◆ Data under study:
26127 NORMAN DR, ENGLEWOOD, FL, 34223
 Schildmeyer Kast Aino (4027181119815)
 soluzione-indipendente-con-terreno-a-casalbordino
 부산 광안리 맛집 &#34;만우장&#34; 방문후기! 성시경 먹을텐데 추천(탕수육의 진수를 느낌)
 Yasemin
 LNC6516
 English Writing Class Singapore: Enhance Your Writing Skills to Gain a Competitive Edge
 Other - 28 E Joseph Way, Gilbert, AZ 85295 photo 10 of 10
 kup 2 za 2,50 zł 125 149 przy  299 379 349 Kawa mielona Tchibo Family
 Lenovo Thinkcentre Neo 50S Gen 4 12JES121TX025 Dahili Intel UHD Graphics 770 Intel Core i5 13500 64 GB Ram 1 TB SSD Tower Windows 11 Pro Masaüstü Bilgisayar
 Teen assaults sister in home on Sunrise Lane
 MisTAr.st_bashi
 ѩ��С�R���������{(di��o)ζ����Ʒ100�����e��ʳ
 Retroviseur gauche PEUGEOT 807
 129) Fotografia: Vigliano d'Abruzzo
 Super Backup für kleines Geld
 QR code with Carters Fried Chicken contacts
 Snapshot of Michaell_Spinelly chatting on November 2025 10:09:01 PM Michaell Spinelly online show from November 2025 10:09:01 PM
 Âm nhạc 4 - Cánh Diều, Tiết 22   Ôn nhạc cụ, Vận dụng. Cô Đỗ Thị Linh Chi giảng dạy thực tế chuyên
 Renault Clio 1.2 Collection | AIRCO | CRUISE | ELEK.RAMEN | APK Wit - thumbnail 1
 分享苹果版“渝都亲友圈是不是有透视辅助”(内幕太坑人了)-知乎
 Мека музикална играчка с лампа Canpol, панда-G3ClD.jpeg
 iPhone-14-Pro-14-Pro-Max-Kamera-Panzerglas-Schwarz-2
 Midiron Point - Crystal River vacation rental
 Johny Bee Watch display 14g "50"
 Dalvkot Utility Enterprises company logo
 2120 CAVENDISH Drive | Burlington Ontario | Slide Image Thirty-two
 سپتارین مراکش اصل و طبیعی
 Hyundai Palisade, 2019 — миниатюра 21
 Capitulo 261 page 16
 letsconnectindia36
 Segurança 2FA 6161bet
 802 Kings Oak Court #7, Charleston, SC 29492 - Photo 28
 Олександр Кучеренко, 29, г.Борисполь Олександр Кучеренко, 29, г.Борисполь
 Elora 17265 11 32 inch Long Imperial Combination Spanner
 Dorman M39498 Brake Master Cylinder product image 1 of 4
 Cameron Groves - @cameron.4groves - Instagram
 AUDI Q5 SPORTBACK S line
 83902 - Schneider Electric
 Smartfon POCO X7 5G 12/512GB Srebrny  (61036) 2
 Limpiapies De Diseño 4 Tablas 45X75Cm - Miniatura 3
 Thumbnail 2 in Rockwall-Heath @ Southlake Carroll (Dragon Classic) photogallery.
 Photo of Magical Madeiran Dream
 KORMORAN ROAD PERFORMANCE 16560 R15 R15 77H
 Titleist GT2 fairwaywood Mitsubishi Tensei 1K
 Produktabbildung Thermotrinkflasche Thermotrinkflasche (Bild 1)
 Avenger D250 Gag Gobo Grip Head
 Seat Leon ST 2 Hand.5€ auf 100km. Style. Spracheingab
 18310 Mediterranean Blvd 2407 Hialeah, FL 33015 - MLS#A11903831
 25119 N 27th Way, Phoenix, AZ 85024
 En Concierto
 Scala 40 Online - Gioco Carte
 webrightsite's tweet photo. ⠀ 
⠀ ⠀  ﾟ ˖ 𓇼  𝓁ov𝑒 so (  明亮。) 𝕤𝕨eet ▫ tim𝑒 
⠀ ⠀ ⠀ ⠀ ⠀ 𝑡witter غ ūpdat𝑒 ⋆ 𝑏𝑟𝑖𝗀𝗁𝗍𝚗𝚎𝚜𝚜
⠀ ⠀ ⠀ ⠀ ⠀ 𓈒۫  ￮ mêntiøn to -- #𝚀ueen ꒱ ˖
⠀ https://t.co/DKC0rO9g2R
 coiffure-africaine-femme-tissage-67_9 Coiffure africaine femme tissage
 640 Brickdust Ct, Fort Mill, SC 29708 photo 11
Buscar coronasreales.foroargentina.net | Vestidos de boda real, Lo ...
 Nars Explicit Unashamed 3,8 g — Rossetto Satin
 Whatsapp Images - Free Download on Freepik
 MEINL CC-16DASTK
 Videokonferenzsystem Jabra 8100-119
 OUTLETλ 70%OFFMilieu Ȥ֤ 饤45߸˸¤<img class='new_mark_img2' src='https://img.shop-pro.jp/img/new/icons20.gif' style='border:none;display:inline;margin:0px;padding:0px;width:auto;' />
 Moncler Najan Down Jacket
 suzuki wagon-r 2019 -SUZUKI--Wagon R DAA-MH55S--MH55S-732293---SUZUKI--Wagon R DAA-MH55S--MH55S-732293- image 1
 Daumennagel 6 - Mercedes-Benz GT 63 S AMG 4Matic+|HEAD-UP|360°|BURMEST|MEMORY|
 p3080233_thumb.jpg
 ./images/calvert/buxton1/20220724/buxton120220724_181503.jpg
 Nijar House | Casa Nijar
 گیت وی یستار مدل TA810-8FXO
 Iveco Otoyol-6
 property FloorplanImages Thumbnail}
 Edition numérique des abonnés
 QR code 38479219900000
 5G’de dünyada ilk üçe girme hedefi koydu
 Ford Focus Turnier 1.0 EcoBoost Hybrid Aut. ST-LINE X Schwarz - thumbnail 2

◆ Activity:
For the span from the line containing "Dorman M39498 Brake" through the last line of the entries above, transcribe each line exactly and leave out everything else.

◆ Output of the task:
 Dorman M39498 Brake Master Cylinder product image 1 of 4
 Cameron Groves - @cameron.4groves - Instagram
 AUDI Q5 SPORTBACK S line
 83902 - Schneider Electric
 Smartfon POCO X7 5G 12/512GB Srebrny  (61036) 2
 Limpiapies De Diseño 4 Tablas 45X75Cm - Miniatura 3
 Thumbnail 2 in Rockwall-Heath @ Southlake Carroll (Dragon Classic) photogallery.
 Photo of Magical Madeiran Dream
 KORMORAN ROAD PERFORMANCE 16560 R15 R15 77H
 Titleist GT2 fairwaywood Mitsubishi Tensei 1K
 Produktabbildung Thermotrinkflasche Thermotrinkflasche (Bild 1)
 Avenger D250 Gag Gobo Grip Head
 Seat Leon ST 2 Hand.5€ auf 100km. Style. Spracheingab
 18310 Mediterranean Blvd 2407 Hialeah, FL 33015 - MLS#A11903831
 25119 N 27th Way, Phoenix, AZ 85024
 En Concierto
 Scala 40 Online - Gioco Carte
 webrightsite's tweet photo. ⠀ 
⠀ ⠀  ﾟ ˖ 𓇼  𝓁ov𝑒 so (  明亮。) 𝕤𝕨eet ▫ tim𝑒 
⠀ ⠀ ⠀ ⠀ ⠀ 𝑡witter غ ūpdat𝑒 ⋆ 𝑏𝑟𝑖𝗀𝗁𝗍𝚗𝚎𝚜𝚜
⠀ ⠀ ⠀ ⠀ ⠀ 𓈒۫  ￮ mêntiøn to -- #𝚀ueen ꒱ ˖
⠀ https://t.co/DKC0rO9g2R
 coiffure-africaine-femme-tissage-67_9 Coiffure africaine femme tissage
 640 Brickdust Ct, Fort Mill, SC 29708 photo 11
Buscar coronasreales.foroargentina.net | Vestidos de boda real, Lo ...
 Nars Explicit Unashamed 3,8 g — Rossetto Satin
 Whatsapp Images - Free Download on Freepik
 MEINL CC-16DASTK
 Videokonferenzsystem Jabra 8100-119
 OUTLETλ 70%OFFMilieu Ȥ֤ 饤45߸˸¤<img class='new_mark_img2' src='https://img.shop-pro.jp/img/new/icons20.gif' style='border:none;display:inline;margin:0px;padding:0px;width:auto;' />
 Moncler Najan Down Jacket
 suzuki wagon-r 2019 -SUZUKI--Wagon R DAA-MH55S--MH55S-732293---SUZUKI--Wagon R DAA-MH55S--MH55S-732293- image 1
 Daumennagel 6 - Mercedes-Benz GT 63 S AMG 4Matic+|HEAD-UP|360°|BURMEST|MEMORY|
 p3080233_thumb.jpg
 ./images/calvert/buxton1/20220724/buxton120220724_181503.jpg
 Nijar House | Casa Nijar
 گیت وی یستار مدل TA810-8FXO
 Iveco Otoyol-6
 property FloorplanImages Thumbnail}
 Edition numérique des abonnés
 QR code 38479219900000
 5G’de dünyada ilk üçe girme hedefi koydu
 Ford Focus Turnier 1.0 EcoBoost Hybrid Aut. ST-LINE X Schwarz - thumbnail 2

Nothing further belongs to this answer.